Jan 2019
tl;dr: Add a semantic segmentation branch to Mask RCNN with FPN yields SOTA results in panoptic segmentation.
Overall impression
The idea is related to Retina-Unet, but the ablation test here is more solid. A single network can perform both semantic and instance segmentation. But if we are only interested in instance segmentation, the benefit from the addition of semantic segmentation is mininal.
Key ideas
- The paper proposed a single network that simultaneously generates region-based outputs (for instance segmentation) and dense-pixel outputs (for semantic segmentation. The accuracy is equivalent to training two separate FPNs with R50 backbone, with essentially half the compute. With the same compute buget, then panoptic with R101 is strictly beneficial than two R50 FPNs.
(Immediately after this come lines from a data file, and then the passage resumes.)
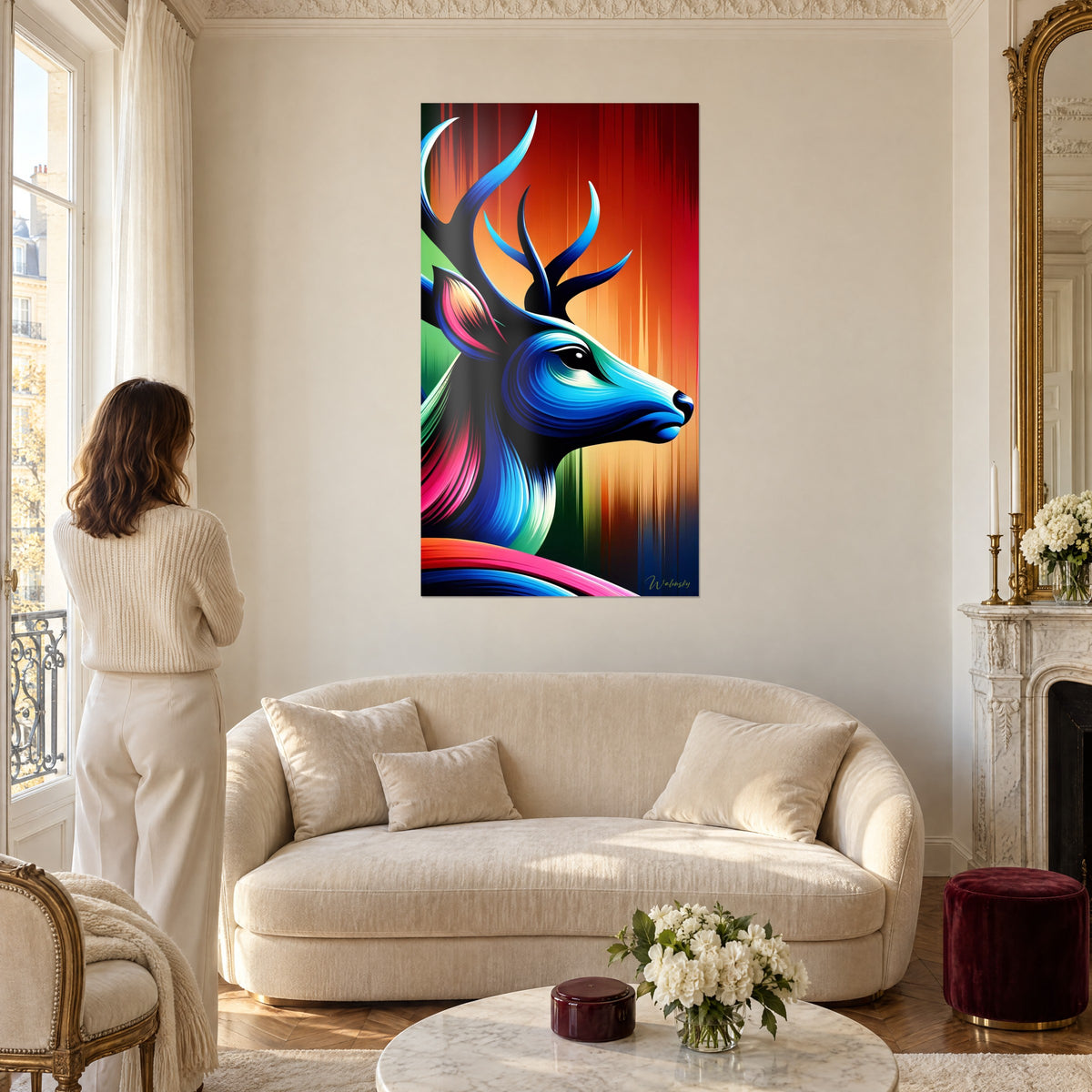 Tableau cerf stylisé aux bois bleu nuit sur fond orange et rouge, femme de dos, au-dessus d'un canapé dans un salon lumineux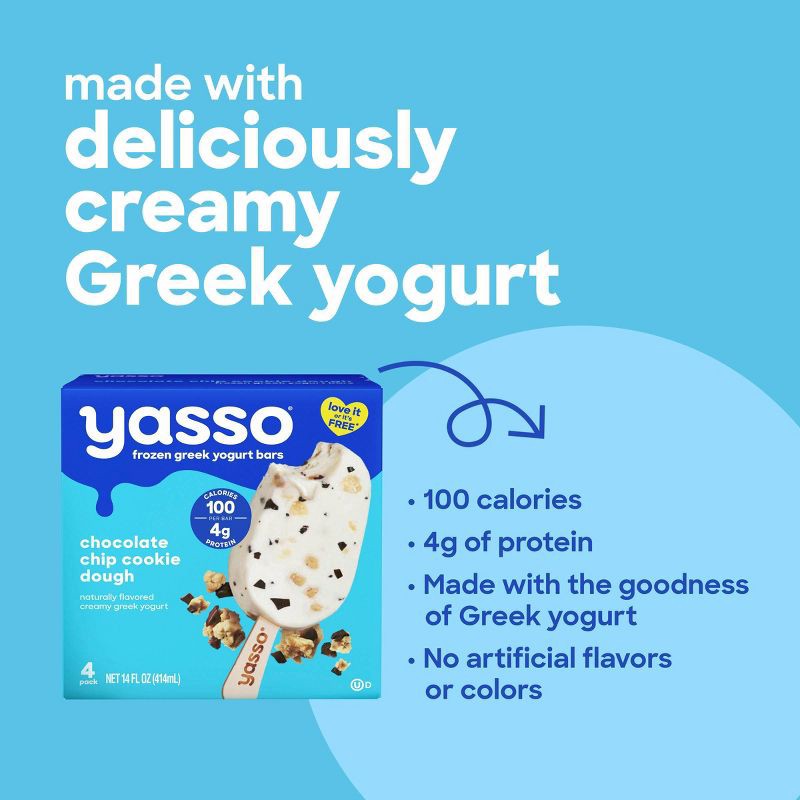 slide 3 of 7, Yasso Frozen Greek Yogurt - Chocolate Chip Cookie Dough Bars - 4pk/14 fl oz, 4 ct, 14 fl oz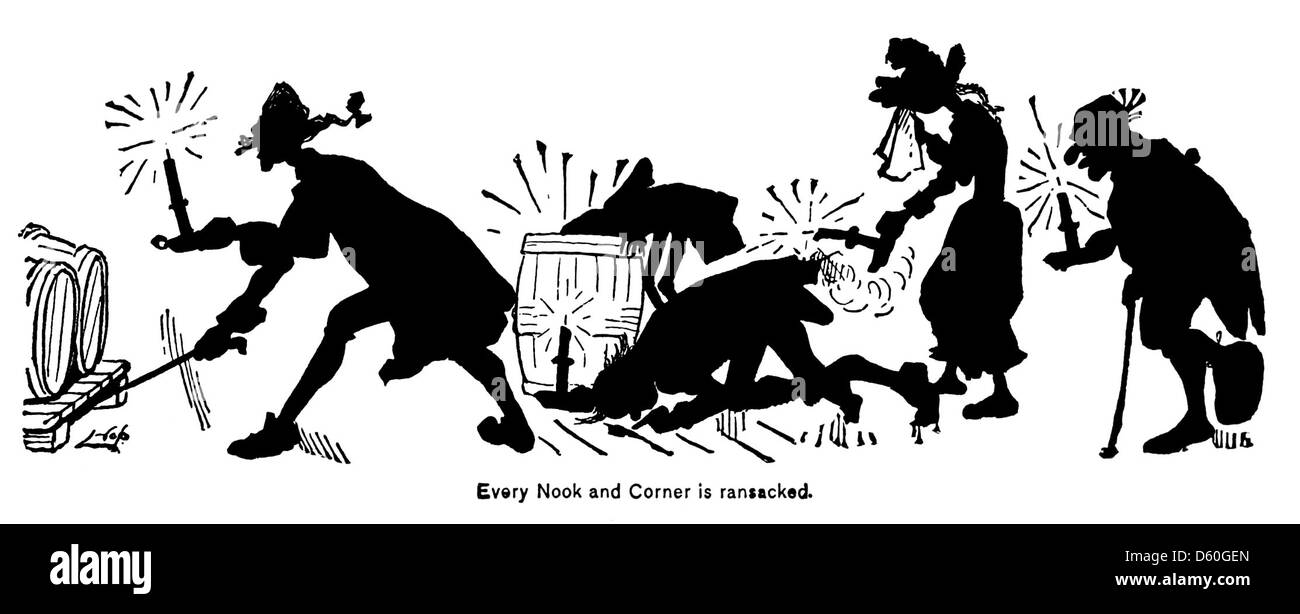 Cette image représente probablement une illustration tirée de The Story of a Cat (1878), mettant en valeur une silhouette simple mais évocatrice d'un chat, un motif populaire dans la littérature du XIXe siècle Banque D'Images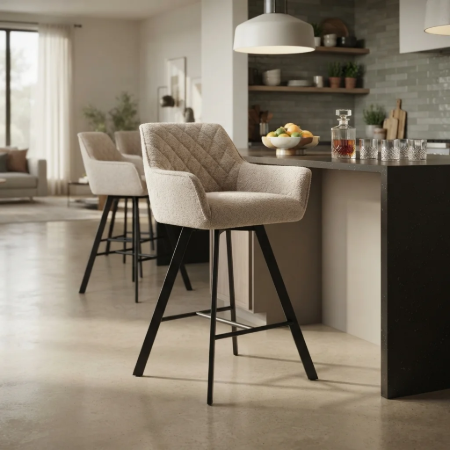 Picture of Swivel Bar Stool Thandie Bouclé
- FPN compared to FCN and U-Net
- FPN is an alternative to FCN with dialted/atrous convolution. Dilated convolution has high computatation and memory footprint.
- FPN is different from U-Net in that it uses a light weight decoder (asymmetric). It is ~2x more efficient than U-Net.
- FPN now has two branches: one for instance segmentation/object detection and the other added on top of it for semantic segmentation.
- FPN generates a pyramid (P2 to P5, 1/4 to 1/32) of scalesand each level with the same channel dimension (256). Each level makes independent object detection predictions which are later agggregated.
- Semantic FPN branch upsamples each level of pyramid to the same resolution (1/4) and channel numbers (128), and sums the feature maps.
- The semantic segmentation loss is pixel-wise cross entropy loss. Simply adding them degrades the final performance for one of the tasks. This is corrected by tuning the relative weight of the two branches, and the optimal weight is quite different on different datasets (COCO vs Cityscape).
- Semantic segmentation branch output a single class “other” for all object classes. However, training on and predicting all thing classes performs better (although the predictions are discarded).
- Adding a second task can help the main task with properly tuned loss weight.
- Adding a semantic segmentation branch can slightly improve instance segmentation results over a single-task baseline .
- Adding an instance segmentation branchcan provide even stronger benefits for semantic segmentation over a single-task baseline.
Notes
- The semantic FPN is built on top of the orignal instance segmentation FPN, and is not built on back-bone directly. (why not?)
- The improvement on object detection only benefited slightly from semantic segmentation, even with loss weight tuning. This is true more for COCO than Cityscape. Maybe the metric mAP is too stringent? What happens if we use AP10? No huge difference is observed in the improvement is observed between mAP and AP50 though.